May 9, 2012, 11:03 AM EDT

Roger Clemens

The Roger Clemens trial got entertaining yesterday as ex-steroids dealer Kirk Radomski — made famous in the Mitchell Report — took the stand.

He was fun at least. Lively. Animated. Entertaining even, for a jury that has been mostly bored to tears.  The problem, though, is that the big piece of evidence he provided isn’t terribly big:

Radomski’s key piece of evidence is a shipment of HGH he said he sent to Clemens’ house about a decade ago. Radomski showed the jury an old, torn shipping label he found under his television set in his bedroom in June 2008. Federal agents had failed to find the label when they searched his home three years earlier – because they apparently didn’t look under what Radomski called his huge, old-model “dinosaur of a TV.”

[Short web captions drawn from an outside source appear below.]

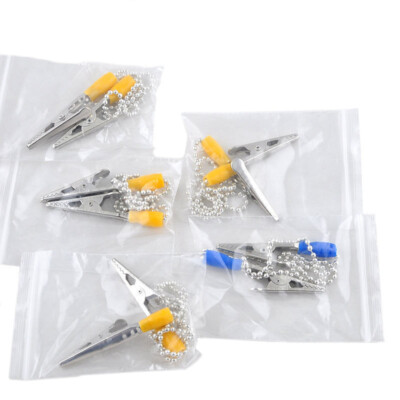 Dental Patient Bib Clips Metal Ball Chain Napkin Holder Flexible Chain Clip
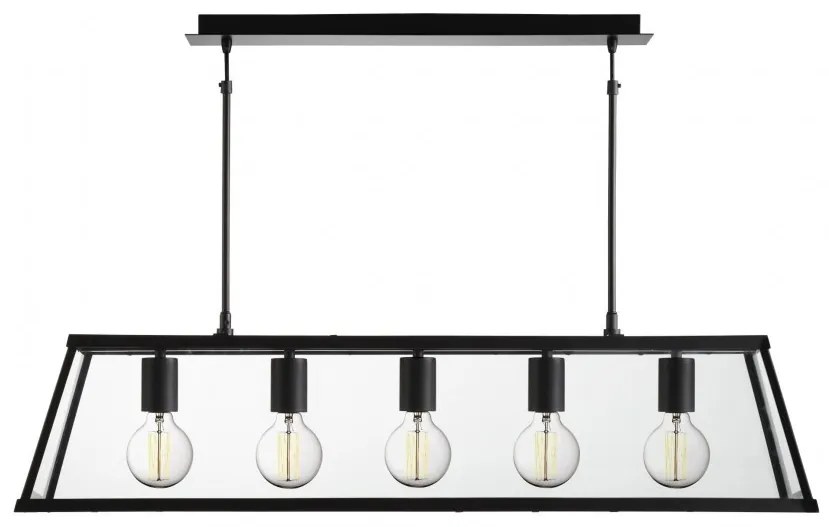 Lustra clasica design traditional Voyager 5L negru 4614-5BK SRT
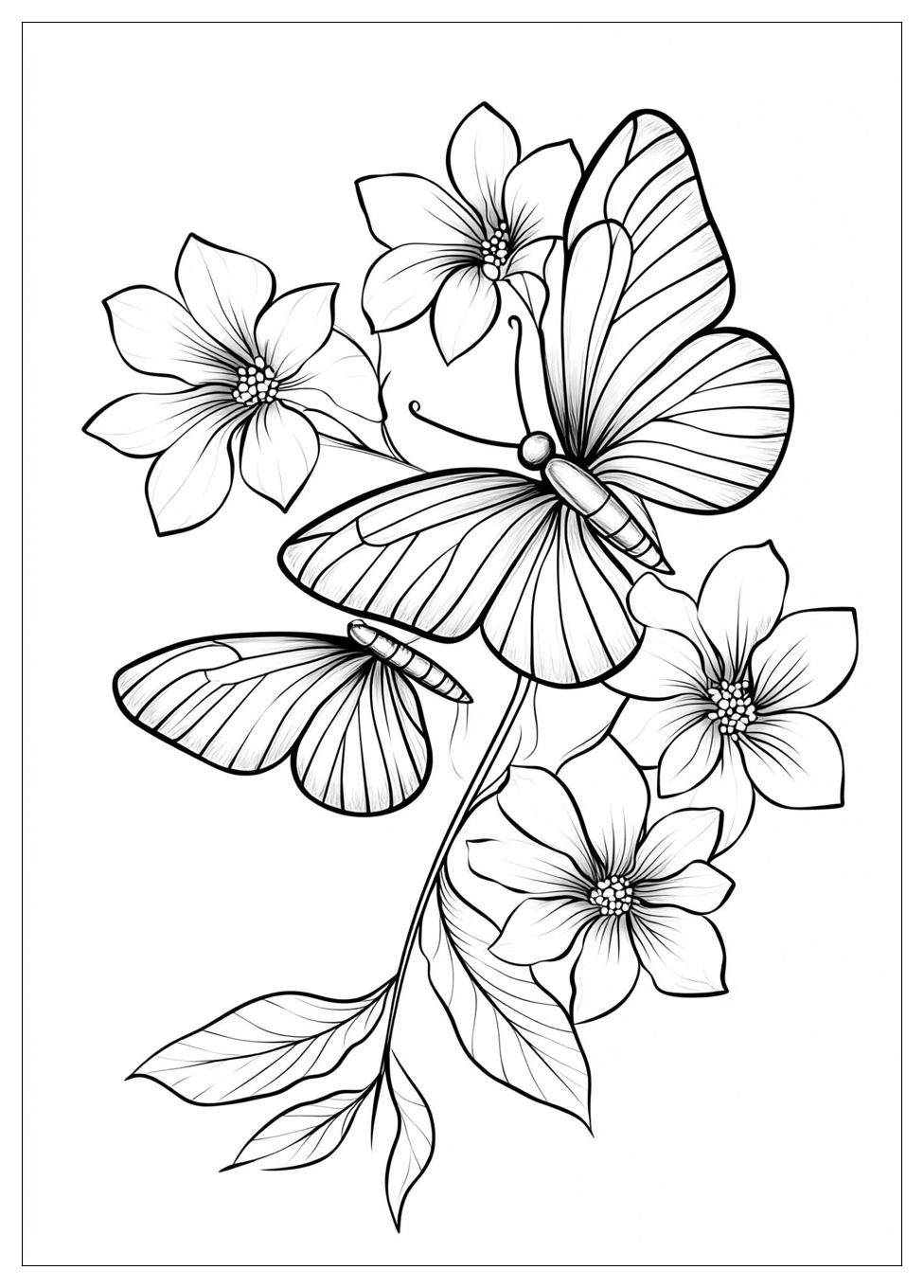 flower_butterfly_coloring_pages_4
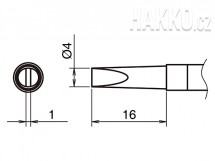 Pájecí hrot HAKKO T39-DL4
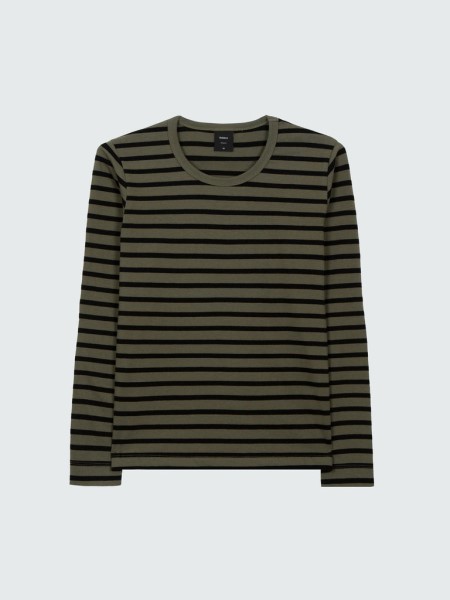 Eldon Long Sleeve T-Shirt Olive/Black Finisterre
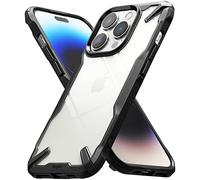 Ringke Compatible avec Coque iPhone 14 Pro Max [Fusion-X] Antichoc Protection [Militaire Défense] Résistant aux Rayures Polycarbonate Solide Rigide TPU Bumper - Black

The label was addressed to Brian McNamee, Clemens’ former strength coach, at Clemens’ home address in Texas. Radomski said the shipment was for two kits of HGH – “about 50-100 needles” – and estimated it took place in 2002.

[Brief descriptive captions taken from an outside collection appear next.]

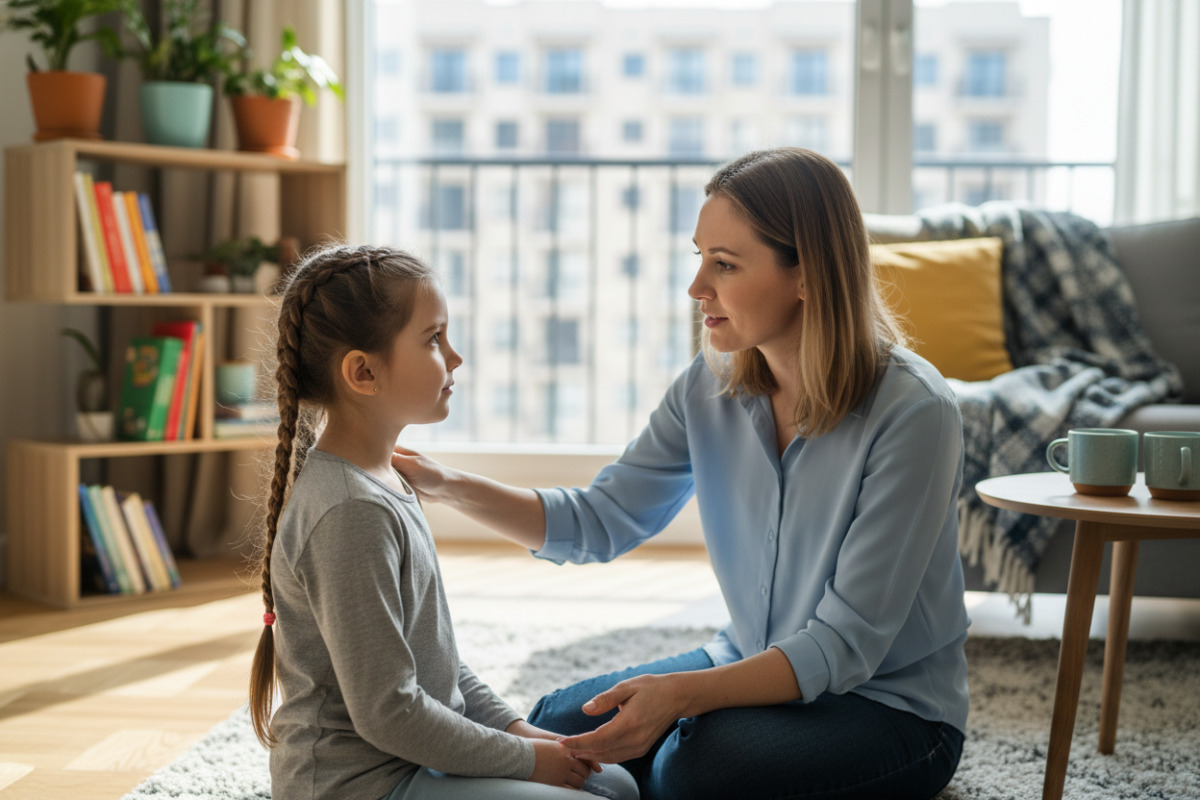Коли є контакт і коротка фраза, дитині простіше прийняти інструкцію.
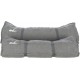 Leni, koc podróżny, dla psa/kota, szary, 100x70 cm, miękki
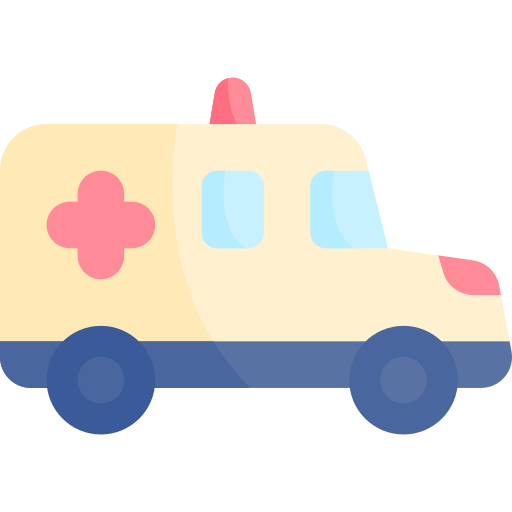 ambulância Kawaii Flat Ícone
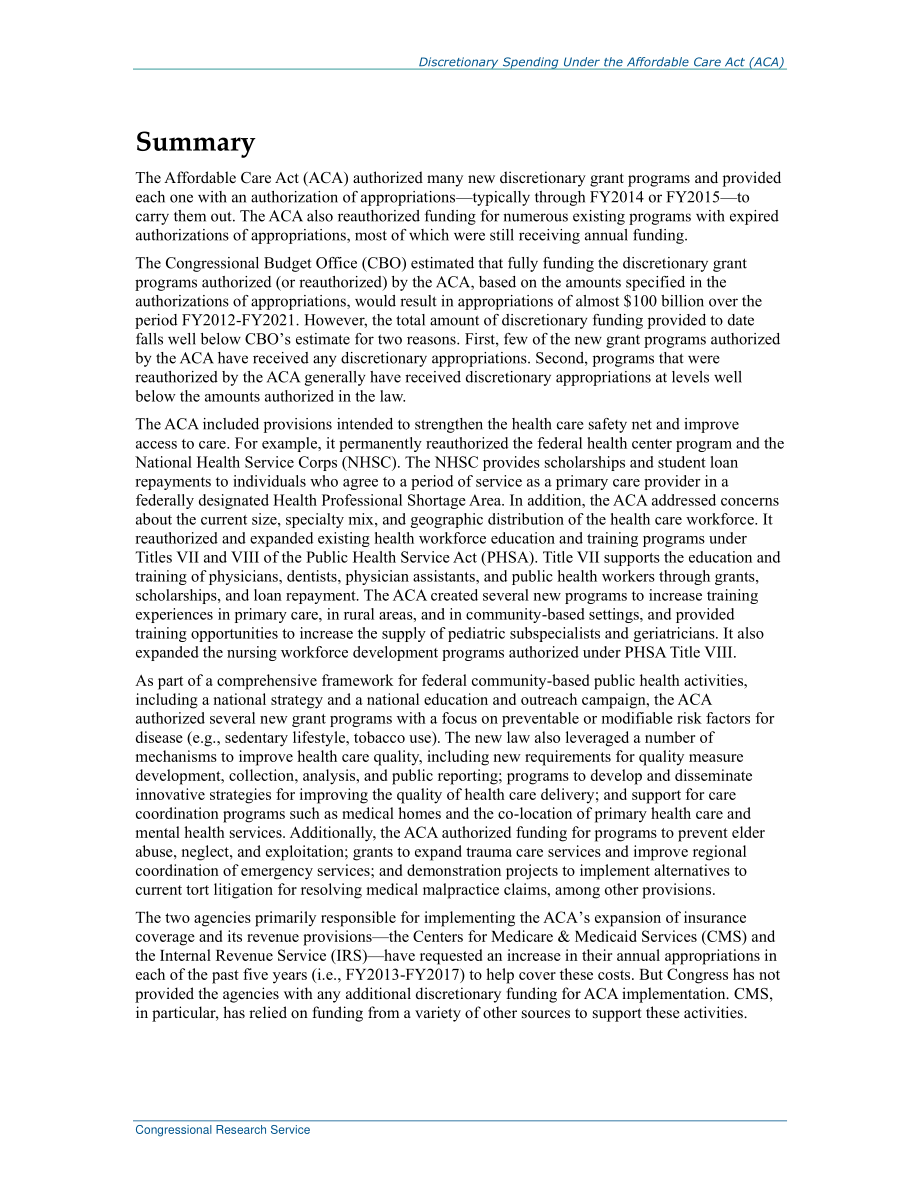 [20170208]R41390_《平价医疗法案》（ACA）规定的可自由支配支出.pdf_第2页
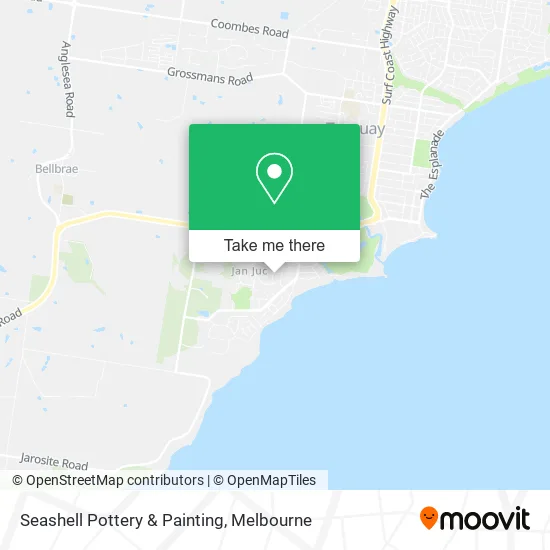 Seashell Pottery & Painting map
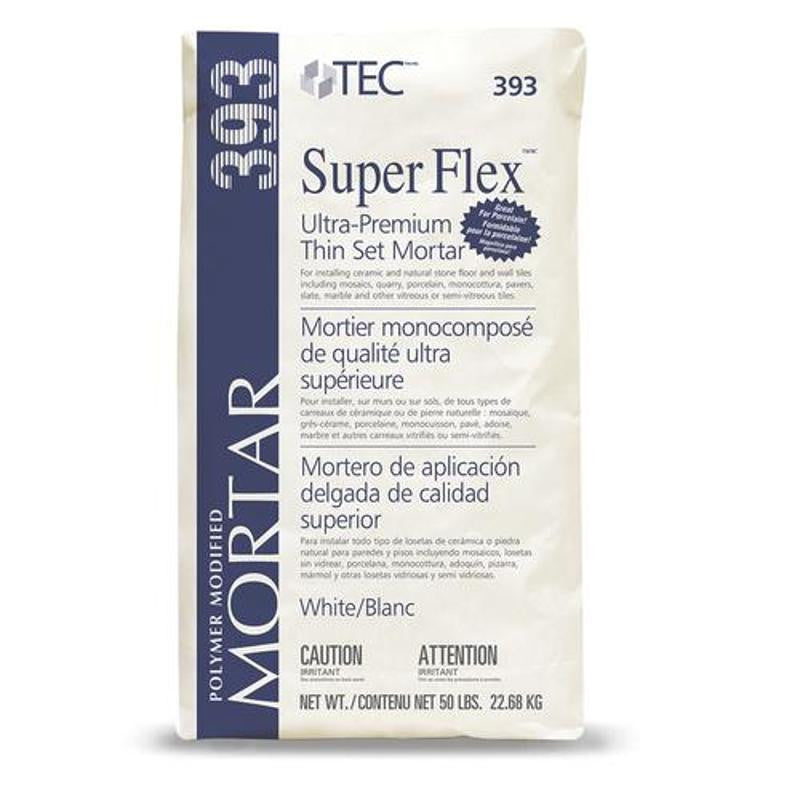 TEC SuperFlex Ultra Premium Mortar White 50 lb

It’s not irrelevant. I mean, it meets the definition of evidence that has ” the tendency to make the existence of any fact that is of consequence to the determination of the action more probable or less probable than it would be without the evidence,” as Rule 401 says.  It could, if the jury is otherwise inclined to convict Clemens, support that conviction.

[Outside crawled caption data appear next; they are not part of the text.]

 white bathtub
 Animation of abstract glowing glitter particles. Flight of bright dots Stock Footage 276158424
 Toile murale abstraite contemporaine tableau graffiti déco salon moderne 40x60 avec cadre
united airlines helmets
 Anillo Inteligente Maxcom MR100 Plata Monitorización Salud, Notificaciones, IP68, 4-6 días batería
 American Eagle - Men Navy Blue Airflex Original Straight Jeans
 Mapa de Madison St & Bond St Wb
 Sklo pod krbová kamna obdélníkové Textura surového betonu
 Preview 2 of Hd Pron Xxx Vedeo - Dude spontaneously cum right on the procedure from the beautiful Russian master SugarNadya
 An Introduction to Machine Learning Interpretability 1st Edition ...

But really: a long lost scrap of paper from underneath a drug dealer’s TV, from a package that was sent to someone who is not the defendant? I can’t say that will have a ton of weight, especially in these post-CSI days when jurors expect a ton more from physical evidence than that which could reasonably be given.

So, fun. Maybe relevant. But this trial still turns 100% on whether the jury will believe Brian McNamee.  That’s all that matters.

  1. latchbeam - May 9, 2012 at 11:11 AM

    This is an absolute joke!! Can’t the government spend the time and resources on something to create a job instead of this?? A drug dealer, scumbags word is enough to try this case?? TWICE??

    • skids003 - May 9, 2012 at 12:16 PM

      For real, something relevant like “Fast and Furious” or something.

    • ltzep75 - May 9, 2012 at 1:23 PM

      Plenty of lawyers are being employed due to this trial. Does that count?

    • ghouchens - May 9, 2012 at 9:49 PM

      government lawyers don’t like to lose or have their cases tossed out by judges. It is an ego thing.

  2. WhenMattStairsIsKing - May 9, 2012 at 11:17 AM

    Whether Clemens is found guilty or not, his legacy’s horribly tainted and the world knows what a stubborn douchebag he really is.

    • 18thstreet - May 9, 2012 at 12:49 PM

      I think he should be convicted for the 1990 ALCS. Now, what’s this about steroids?

      • skids003 - May 9, 2012 at 4:48 PM

        Is that the one where he threw the broken bat at Piazza? I’ve never forgiven Piazza for not charging the mound and kicking his arrogant butt.

  3. heyblueyoustink - May 9, 2012 at 11:26 AM

    Still though, a total waste of government taxes.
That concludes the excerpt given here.